*Task statement*
From the listing below, give again exactly the lines from the line with "Acne Clearing Wash" to the line with "На Донеччині окупанти", ends included, without any pictures.

### Data extracts ###

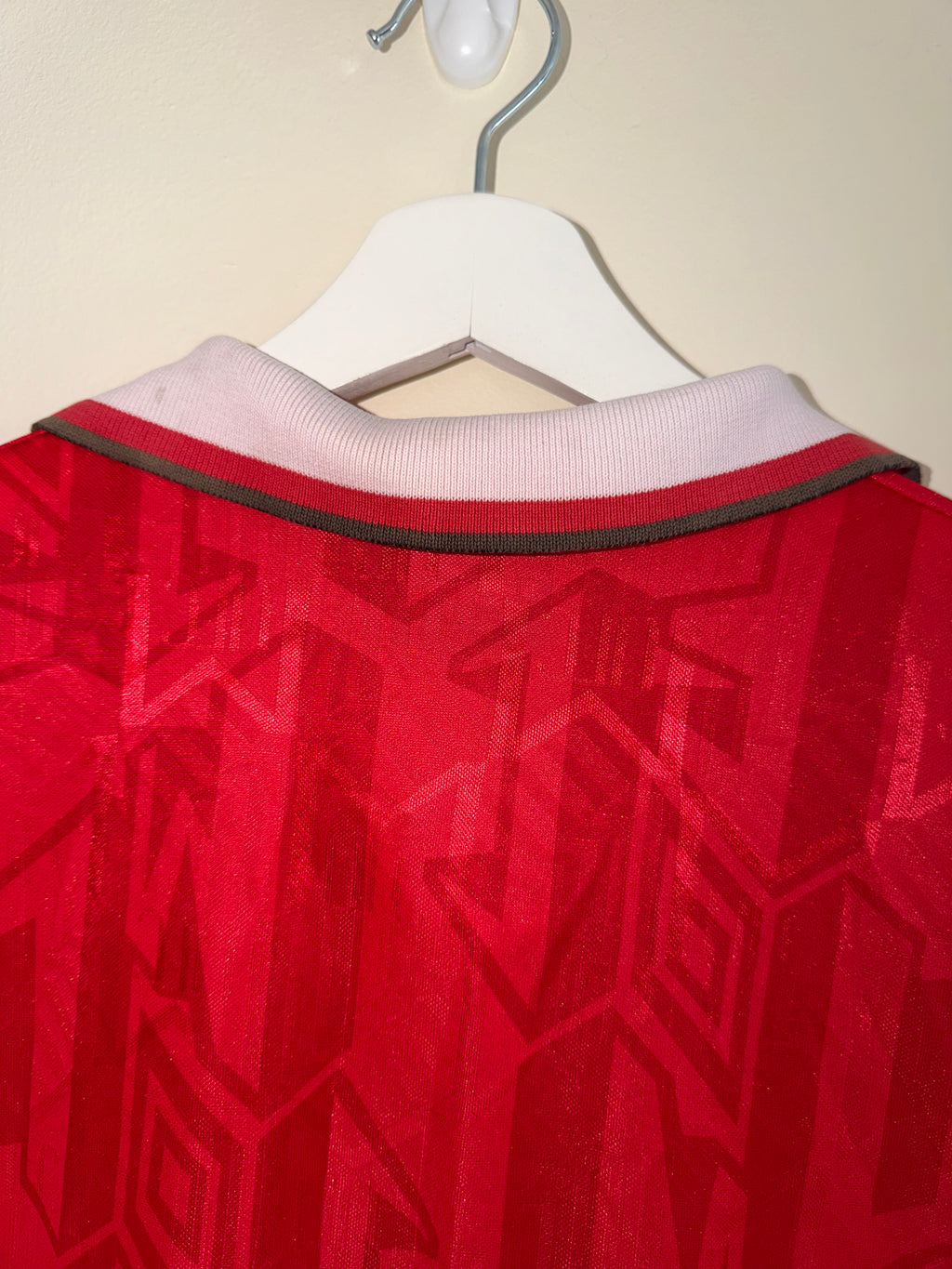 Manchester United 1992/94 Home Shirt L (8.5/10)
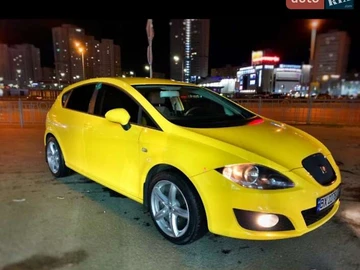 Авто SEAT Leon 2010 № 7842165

###
### Data extracts ###

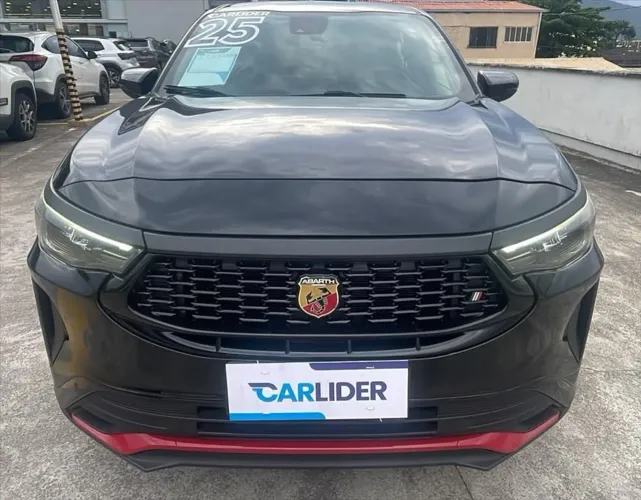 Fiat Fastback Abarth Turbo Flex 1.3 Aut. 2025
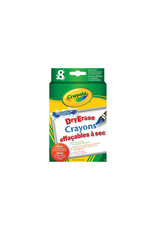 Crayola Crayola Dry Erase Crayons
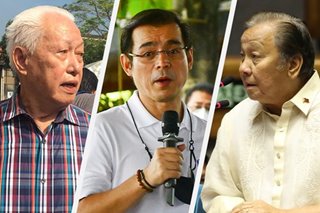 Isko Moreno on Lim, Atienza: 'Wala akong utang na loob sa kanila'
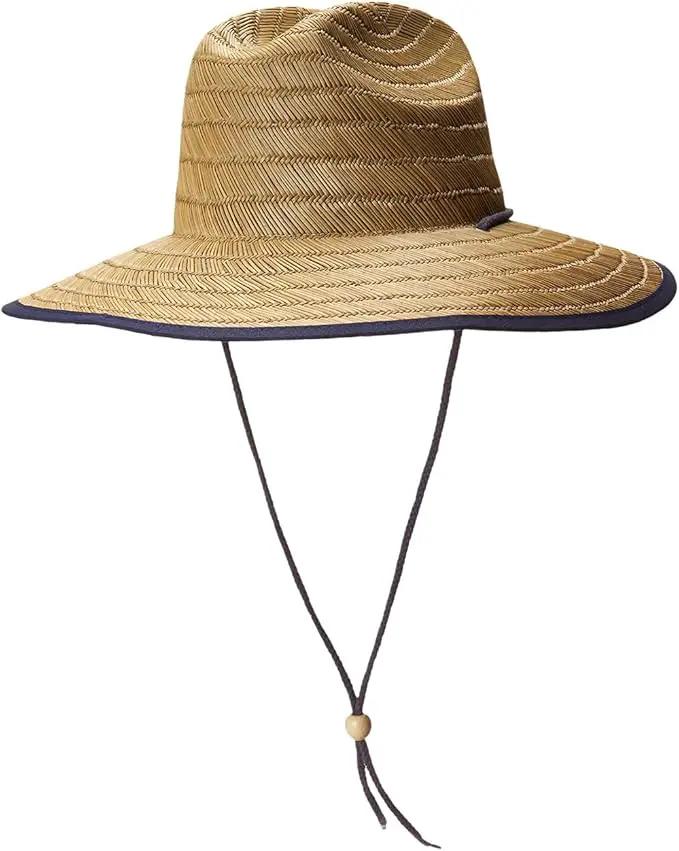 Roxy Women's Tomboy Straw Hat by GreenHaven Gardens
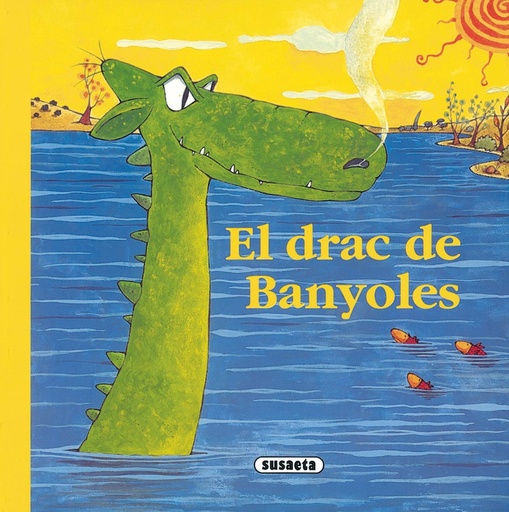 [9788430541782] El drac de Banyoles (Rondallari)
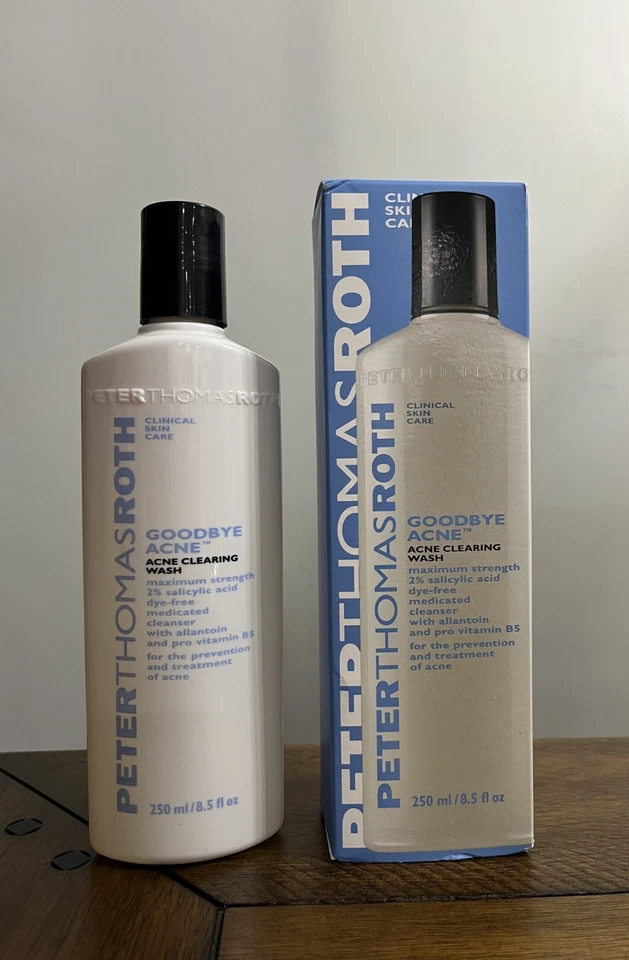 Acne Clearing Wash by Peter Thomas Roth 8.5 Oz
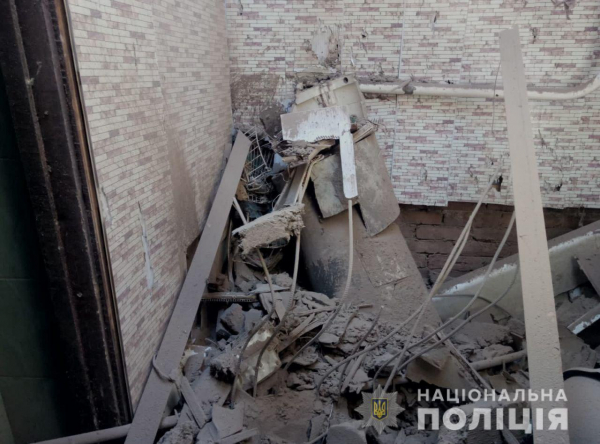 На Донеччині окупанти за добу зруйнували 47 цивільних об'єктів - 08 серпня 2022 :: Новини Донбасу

###
### Data extracts ###

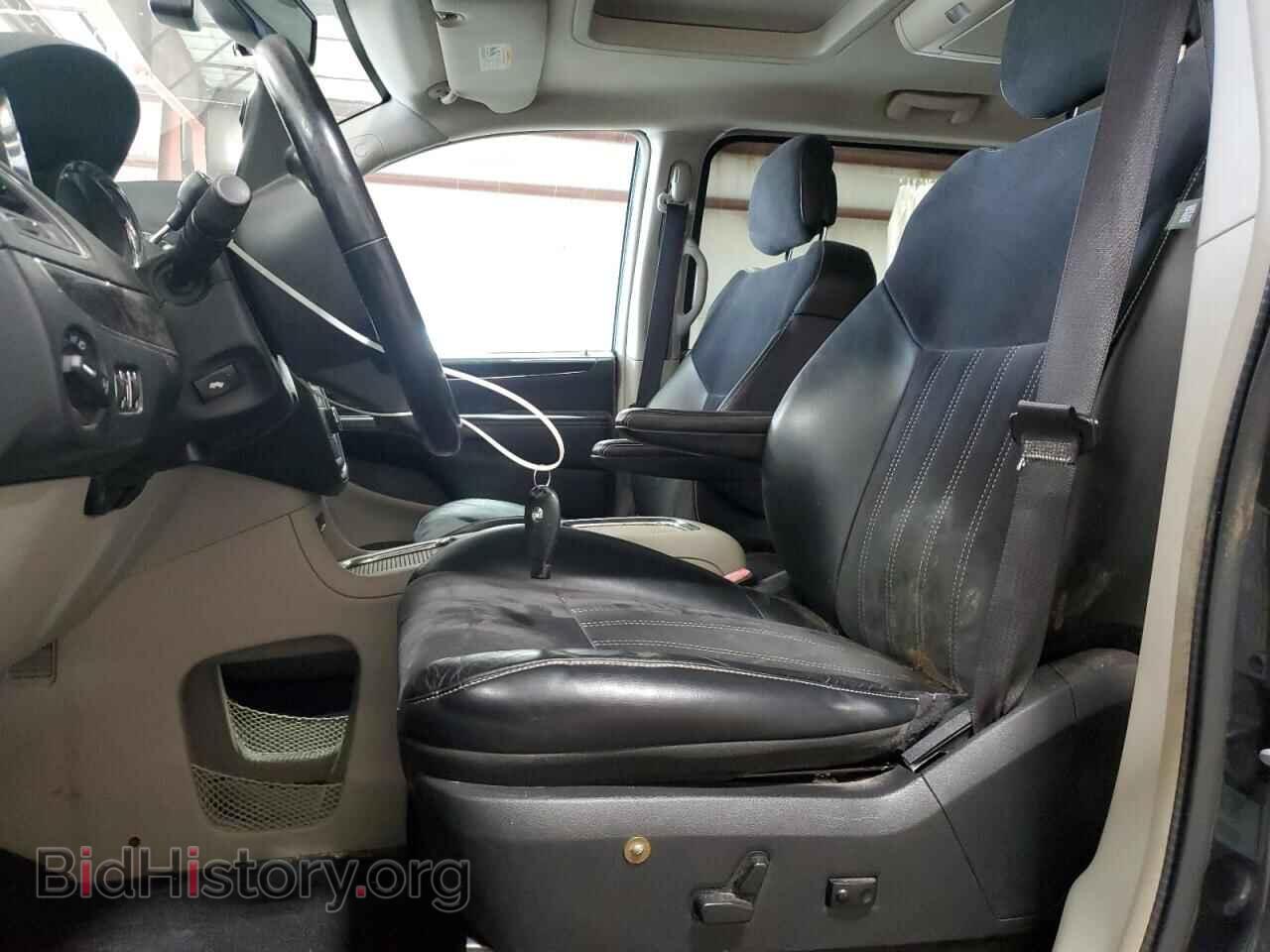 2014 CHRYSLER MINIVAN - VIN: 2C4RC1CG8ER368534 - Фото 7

###

*Answer box*
 Acne Clearing Wash by Peter Thomas Roth 8.5 Oz
 На Донеччині окупанти за добу зруйнували 47 цивільних об'єктів - 08 серпня 2022 :: Новини Донбасу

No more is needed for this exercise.